Is PDP Falling Apart?


On Wednesday, PDP’s leadership from South Kashmir went into a huddle at its  head office in Srinagar. Chaired by Party Vice President Abdul Rahman Veeri, the leaders discussed “the issues confronting the state”. The meeting followed immediately after a senior leader Mohammad Khalil Bandh resigned from the basic membership of the party.  Bandh’s resignation follows a number of such exits  by the senior leaders from the party over the past year. This has left the PDP, once a vaunted political force, reeling and its leader Mehbooba Mufti struggling to hold her flock together.  The situation for her has become more unenviable considering the state is heading into a possible Assembly polls later this year. 

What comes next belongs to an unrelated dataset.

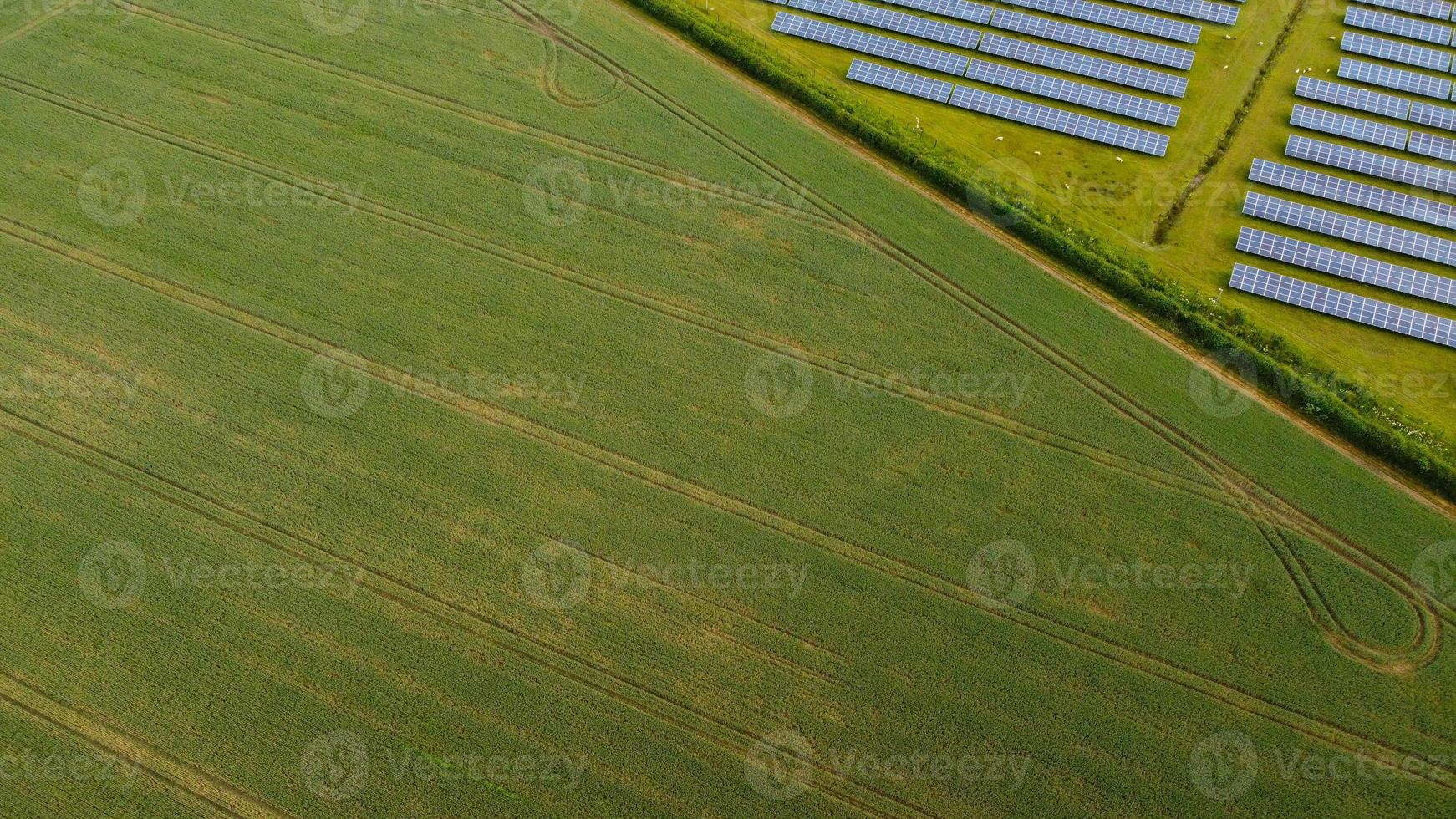 Aerial footage High Angle view of Green Energy natural Generators Sources of Wind turbines and solar panels Farms at England UK photo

And the party is unlikely to find winning replacements for the exited candidates. More so, when the leaders who have left command a significant support base in their respective constituencies. 

Though the PDP still has several strong leaders, the prevailing unpopularity of the party is going to make it an uphill task for them to retain their seats. There is every chance that the some more of them might be on their way out.

This reduces the PDP to a small group of leaders comprising Mehbooba and the loyalists including her family members, some of them with little to no constituency. This has raised a question mark over the future of the PDP as a political force in the state. The situation looks grimmer for the PDP as unlike the rival National Conference, it is not a cadre based party.

The PDP was founded by the late Mufti Mohammed Syed, Mehbooba’s father, in 1999 amid growing public disaffection with the then  ruling National Conference. And it did benefit from the disillusionment with the NC over the first decade and a half of its existence. The decline followed soon after its alliance with the BJP in 2015.

Though the coalition was formed with the best of intentions, with the parties taking time to forge the Agenda of Alliance which worked out their political differences and outlined a plan for development, it didn’t go well from the word go. In the first 100 days while the political and ideological confrontation  hurtled to the centre stage, almost hobbling the government, the governance too didn’t get much forrader. Also, while the BJP aggressively propagated its ideological stance on the state, even initiating direct and indirect steps to execute it on the ground, the PDP didn’t appear to stand up to its partner.

By the time, the BJP unilaterally withdrew its support to the PDP in June 2018, Mehbooba had not only exhausted all her political capital but turned herself into a hate-figure. This was why, far from triggering any protests, Mehbooba’s loss of power was widely celebrated.

PDP is certainly at cross-roads. Mehbooba more so. Her three year term in the government is likely to haunt her for a while now. The PDP and Mehbooba’s relevance  and survival lies in how she reinvents her core politics and makes it consistent and credible.